An 11-inch holly blog with a phoenix feather core
by Rebecca on 2008-10-16
In recent weeks, Iʼve learned the value of a well-directed complaint. I offer up some examples.
A few weeks ago, back when our hummus obsession was in full swing (thanks to Lorraine), we bought some pita chips to eat with our first batch of homemade hummus. We, ahem, ate the entire (small-ish) bag for lunch that day because it was all so, so delicious. But the chips were kind of crushed up, so William thought it would be nice to email the company and let them know about the fragility of their product. And then one day we came home from work and found a giant box waiting for us. It was from the pita company, and this is what it had inside:
I buy Lean Cuisines for us for lunch because (a) Iʼm still sick of sandwiches from all those years of eating them as a kid, and (b) we donʼt always have enough leftovers to feed us both. I figure if Iʼm going to eat convenience food, it should at least be somewhat healthy, right? I had one a few weeks ago, and some of the chicken had gristle in it. And it had two little snips of red pepper in it, hardly the confetti-colored concotion depicted on the front of the package. So, I filled out a form on the Lean Cuisine site letting them know about these shortcomings, and yesterday, I received coupons for two Lean Cuisines and more.
HEB has Meal Deals, where if you buy, say, 2 packages of hot dogs, you get for free buns, mustard, pickles, soda, and some Twinkies. The idea is that you get a bunch of free complementary foods if youʼre willing to spring for the big one. (I know those of you who donʼt live in central Texas must be terribly jealous of this truly amazing grocery store.) A few weeks ago, we got a package of mini Baby Ruth bars with our Meal Deal. They were free, lest there be any ambiguity here. William noticed that about half of them had been improperly sealed and were open on the ends. So, he contacted Nestle via their website, and lo and behold, two days ago, he received a bundle of coupons for free candy. Itʼs like Halloween, except we get to pick out what we want instead of being at the mercy of the toothbrush, penny, and Dollar Tree candy crowd.
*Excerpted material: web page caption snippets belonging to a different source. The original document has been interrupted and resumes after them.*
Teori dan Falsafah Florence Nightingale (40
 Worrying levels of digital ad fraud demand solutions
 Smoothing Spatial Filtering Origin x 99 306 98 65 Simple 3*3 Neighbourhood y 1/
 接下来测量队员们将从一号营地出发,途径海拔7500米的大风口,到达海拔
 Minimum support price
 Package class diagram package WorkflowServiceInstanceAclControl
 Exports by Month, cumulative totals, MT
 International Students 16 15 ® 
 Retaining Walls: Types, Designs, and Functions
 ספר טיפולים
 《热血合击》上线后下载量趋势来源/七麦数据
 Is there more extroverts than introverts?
Pei Wei. I love their food. Itʼs almost always good. But the last meal I got there was chicken teriyaki, and there was a bone in the chicken. So, I emailed firstname.lastname@example.org, or some equivalent cyberspace black hole, somewhat skeptical that I would get a response. But I did! They were terribly sorry about my awful, miserable experience, and hoped that they had not lost me as a customer forever (they havenʼt) and wanted to win back my affections by sending me a little something for my anguish. Really, the letter was a masterpiece of groveling. Yesterday, a $10 gift card showed up in my mail box. (Yesterday was a really great mail day. We also got our digital converter box coupons from The Government.)
And this is my absolute favorite. We booked a cruise in January, and we are so so excited to leave in less than a month. (Not the point of this story, but I just had to share my anticipation!) In some of my research, it came to my attention that the current price of our cruise is about half of what we paid for it. What? Did we get ripped off big time? Probably. So, I thought, “I am learning about the value of a well-directed complaint. Letʼs see if it works here.“ So, I emailed our travel company to say, “I want to be compensated for the difference.” And after 2 days of thrilling twists and turns, which I will spare you because this post is already far too long, we received (a) $550 back on our cruise, and (b) an upgraded stateroom with a balcony.